## Your goal
An image-free reproduction of the data below is needed: print it exactly.

## Dataset content
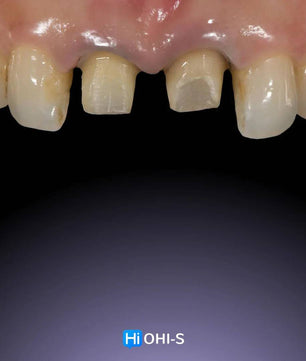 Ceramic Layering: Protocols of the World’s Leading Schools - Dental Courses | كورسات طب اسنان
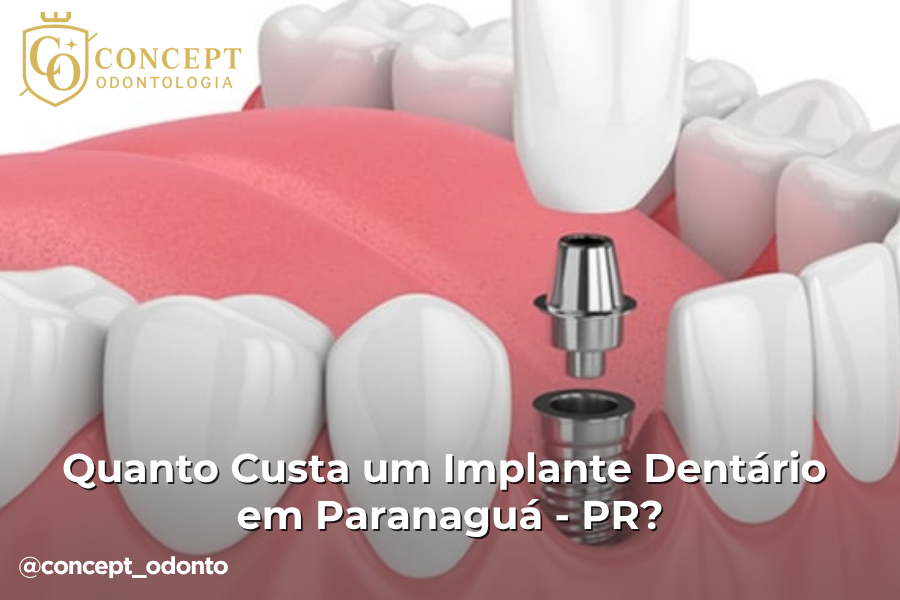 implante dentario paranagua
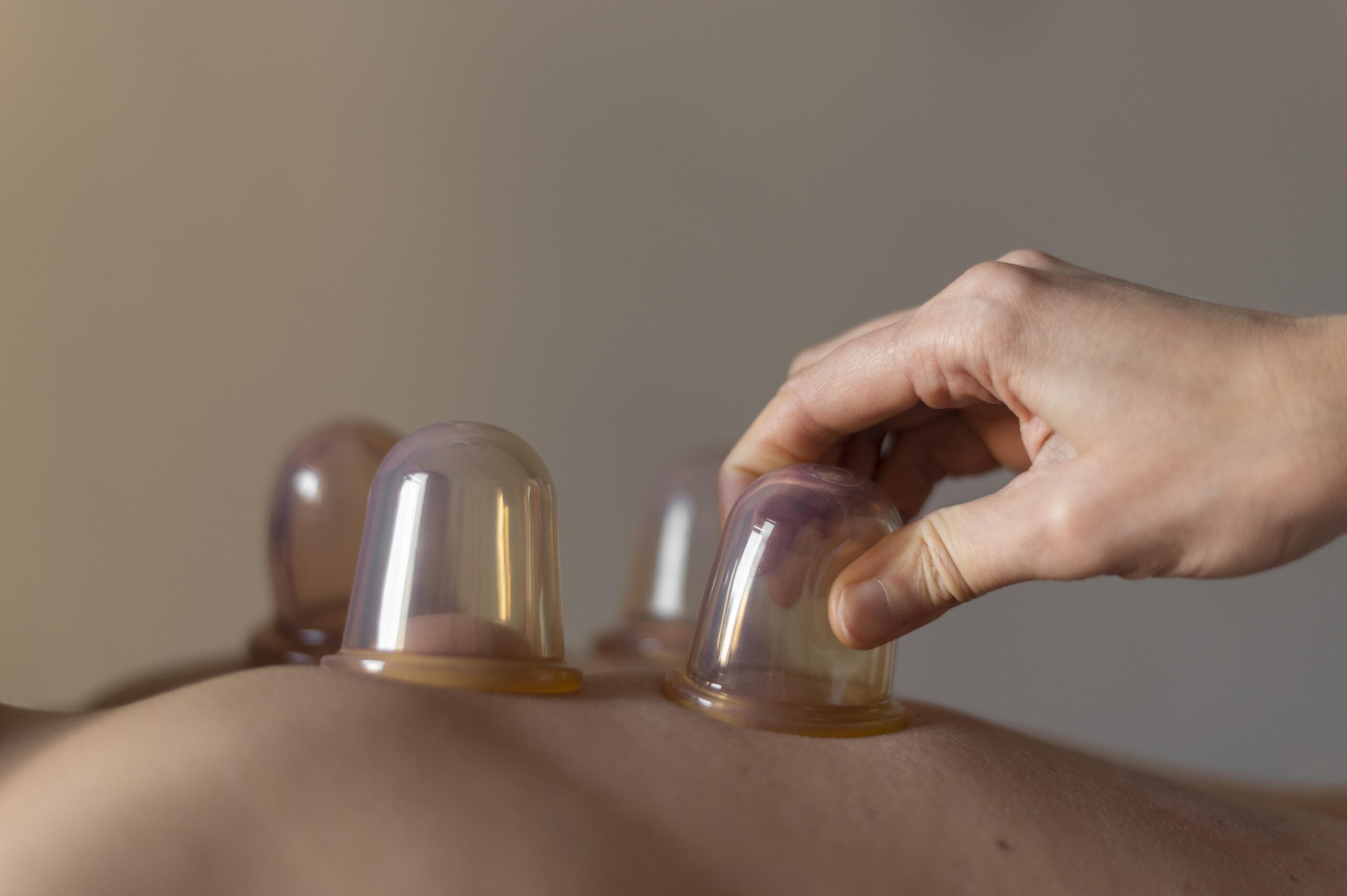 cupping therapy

## Written solution
 Ceramic Layering: Protocols of the World’s Leading Schools - Dental Courses | كورسات طب اسنان
 implante dentario paranagua
 cupping therapy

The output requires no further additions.